Or What Is Secondary Gain?
Monday night my throat closed up as if someone were very deliberately trying to choke me. My temperature spiked up to 102º. For two days I was pretty miserable.
Today the choke hold loosened a bit and so far no fever. Probably because of heavy Tylenol dependence, but whatever. My doctor wanted me to take something for what ailed me. Being home alone, I had to run to Wegman's to pick up the script. As long as I had to drag my sick self to the pharmacy I was going to make it the best trip ever.
Therefore, along with the medicine, I bought the essentials. My husband had already provided the chicken soup and orange juice so I didn't need that. My throat was crying out for something cold. That called for rainbow sherbet, a big box of popsicles and an ice cold diet Coke. At the check out, aka Impulse Buy Lane, in my weakened state I couldn't resist a copy of People magazine. Already I was feeling so much better.
When I was a kid I'd fake sick hoping I could stay home and be pampered by Mom. This was in the days when kids actually got illnesses like the measles and mumps. When it was real (no way did she fall for the lame "I don't feel so good" whine) she would tuck me up with blankets and pillows, coloring books and even the TV sometimes. My meals came to me in bed and (and this was the best) I got to wallow in all that warm mommy attention. For the middle kid of five that's heady stuff. What am I saying? For ANY kid that's heady stuff.
Psychologists have a name for this. It's secondary gain which is defined as: Interpersonal or social advantages gained indirectly from organic illness, such as an increase in attention from others.

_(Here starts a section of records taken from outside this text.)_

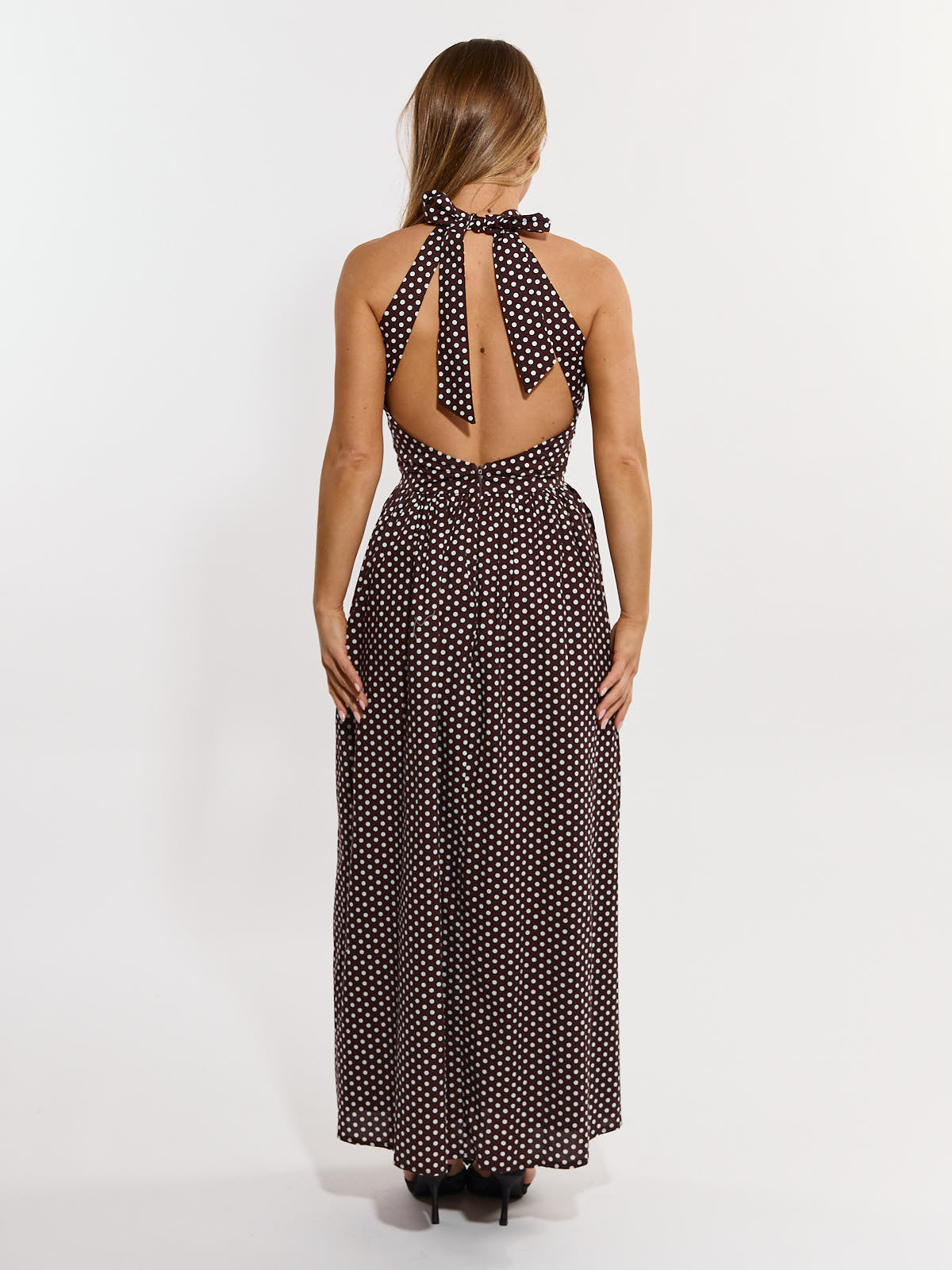 Paloma Polka Dot Halter Maxi Dress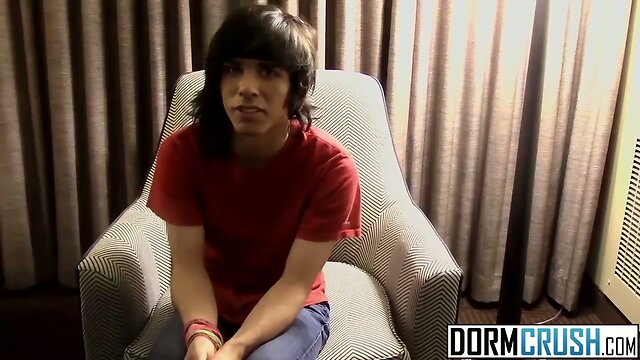 Long haired Tyler gets horny and loves to show off his
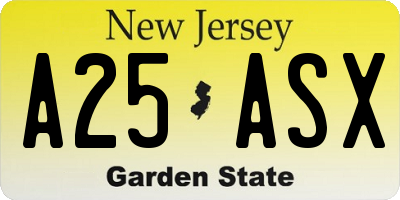 NJ license plate A25ASX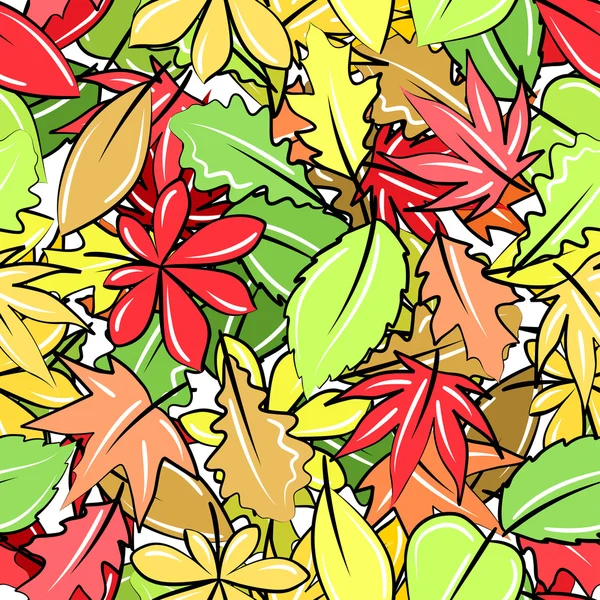 Seamless background with autumn leaves — Stock Vector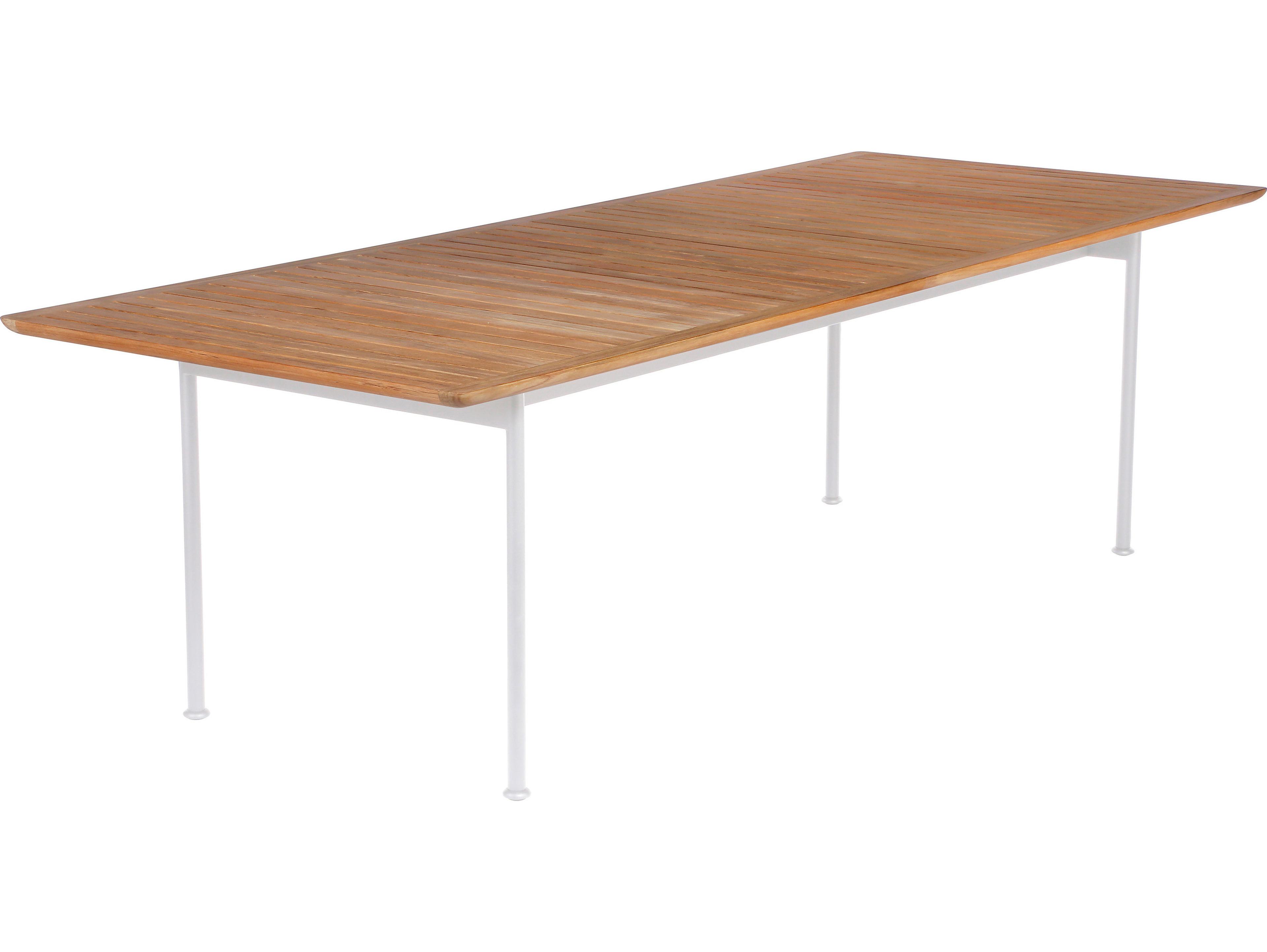 Barlow Tyrie Layout Dining Table Arctic White Powder-Coated Stainless Steel Natural Teak 101"W x 39"D x 29"H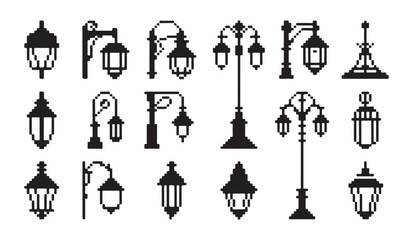 Elegant collection of street lights and hanging lantern silhouettes in pixel art style set. © VANU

Secondary gain is innocent enough but like most good things it can be overdone. A little overdone is just annoying. A LOT of overdone is called malingering. Psychologists have a name for everything. But I digress.
Back home I unpacked my booty, served myself up a cup of sherbet, opened my diet coke and, with a sigh of contented exhaustion, curled up on the couch with my People. When we're not feeling well sometimes the best attention is the attention we give ourselves.